Confined there, I’ve chased the earthbound traffic
And lost the race to insignificant headwinds;
Forward and up a little in ground effect
I’ve topped the General’s hedge with drooping turns
Where never Skyhawk or even Phantom flew.
Shaking and pulling collective,
I’ve lumbered The low untresspassed halls of victor airways,
Put out my hand and touched a tree.
If Chuck Norris hasn’t beaten said helicopter into submission first.
I have heard those in the know claim the blade tips break the speed of sound, and you hear mini sonic booms. But, I’ve never been in a setting where I could question them on this. This makes no sense at all for several reasons. First, flying at the speed of sound is very unstable; therefore, it is not done. Second, crossing the sound barrier requires opposing aerodynamic profiles. Third, how could there be a never-ending string of sonic booms? The blade tips would have to go sonic, sub-sonic, sonic, sub-sonic…how stable would that be?

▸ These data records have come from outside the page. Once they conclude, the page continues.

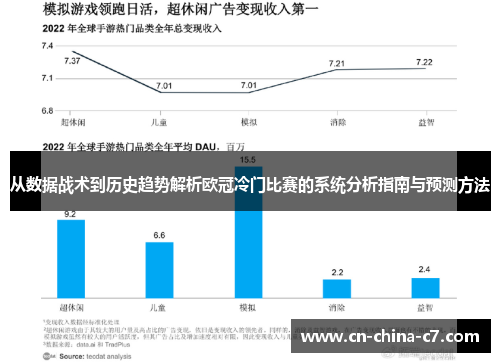 从数据战术到历史趋势解析欧冠冷门比赛的系统分析指南与预测方法 从数据战术到历史趋势解析欧冠冷门比赛的系统分析指南与预测方法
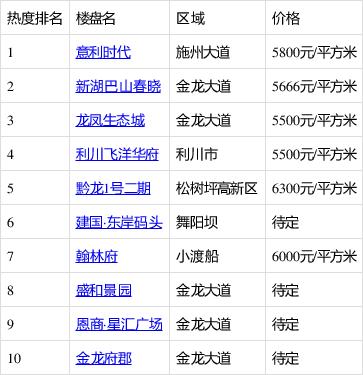 恩施青江新城房价资讯电话-恩施青江新城房价资讯电话号码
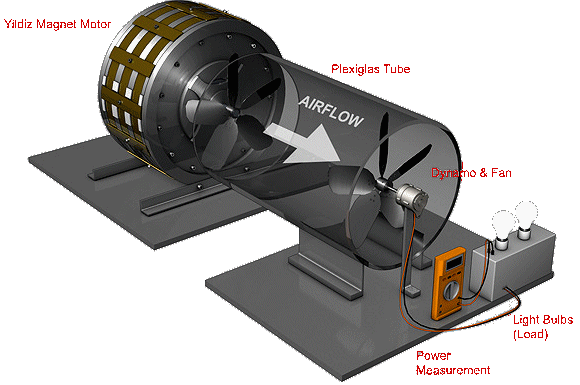 http://www.pureenergyblog.com/wp-content/uploads/2013/03/Jim-Rodney_plexiglas-tube-dynamo_600.jpg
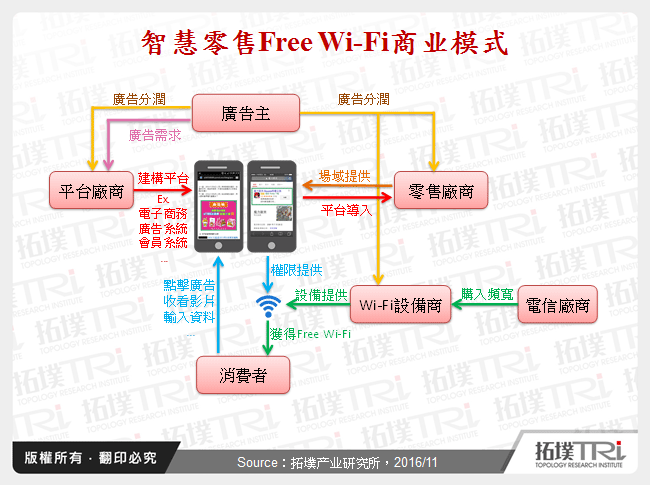 智慧零售Free Wi-Fi商业模式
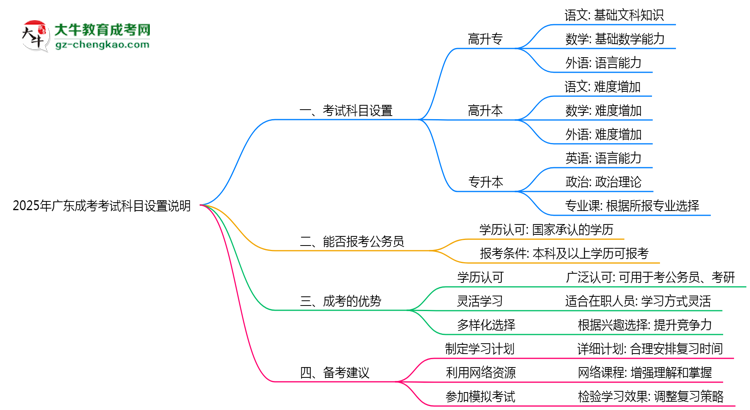 2025年廣東成考考試科目設(shè)置說明思維導(dǎo)圖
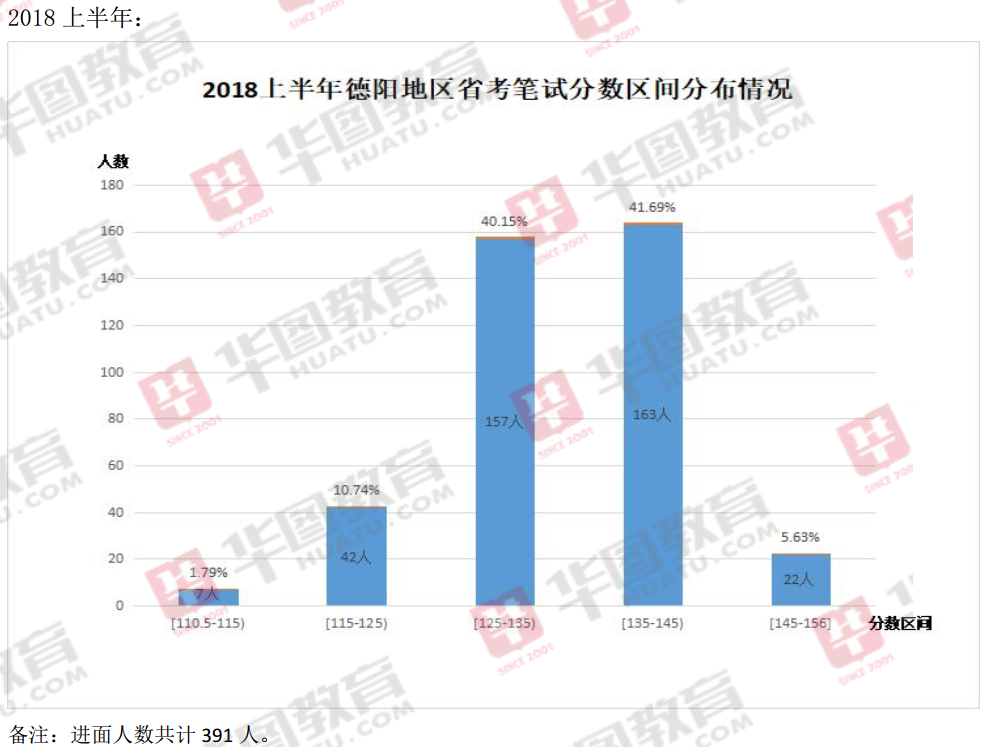 甘孜州各人口_甘孜州各县县长图片(3)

I wonder, though, if any other SDopers had been told the same thing and if this idea has any basis whatsoever. …Oops! :smack: I guess that may be what the above Poster means by “transonic shock”, but how is this physically accomplished while keeping the bird in flight? I simply cannot picture how this can be! (FYI: Even the Concorde had to change its profile to cross the sound barrier.)
So, the blades DO continually crosses and uncrosses the sound barrier? Can anyone explain this further?
- Jinx
I love your poem, Loach. Is it yours, or by the ubiquitous Anon?
I don’t know about helicopter blades but some aircraft prop blades come close to the speed of sound at full power resulting in an unearthly roar.
I think you have a misconception about sonic booms. A sonic boom is a sound continuously produced by something travelling at transonic and supersonic speeds. It is caused by shockwaves. If you imagine standing in the water on a beach, when a wave passes you you experience it just once but the wave itself is continuous. So you don’t need to be passing in and out of the speed of sound to get multiple booms, you just need to hear the passing of the object multiple times, this is what happens with blade tips.
Rotor blades at the tip are going round at about 300 or 400 kts. Of course the retreating blade is going the same speed backwards, which limits the helicopter’s forward speed due to retreating blade stall.
As 1920s Style “Death Ray” points out, the poem is based on McGee’s High Flight; but the heli version is by Mr. Anon.
Here is another modern alternative tail rotor design Fenestron - Wikipedia
The net effect is a less pulsy output & helos with this design have a loud whine instead of a slow chop chop sound.
This is the one my Army buddy brought back from his second tour as a Huey pilot in Nam.
LOW FLIGHT
Oh, I have slipped the surly bonds of Earth
And hovered out of ground effect on semi-rigid blades;
Earthward I’ve auto’ed,
and met the rising brush
Of non-paved terrain - and done a thousand things
You would never care to -
skidded and drooped and flared
Low in the heat-soaked roar.
Confined there,
I’ve chased the earthbound traffic, and lost
The race to insignificant headwinds.
Forward, and a little up, in ground effect
I’ve topped the General’s hedge with drooping turns
Where never Skyhawk, or even Phantom flew.
And, shaking and pulling collective, I’ve lumbered
The low trespassed halls of Victor Airways,
Put out my hand, and touched a tree.
I can attest to the sound they make.
The British Army use the Aerospatiale Gazelle for reconnaissance and when someone was on the run in Northern Ireland one of those would sit on top of the town for a while, keeping a look out. When they finally moved off, the silence they left was really quite profound.
I used to be able to ID the helicopters the British Army used from way off just by the sound. I’ve not had practice in that for many years, so that’s one skill that is long lost to me.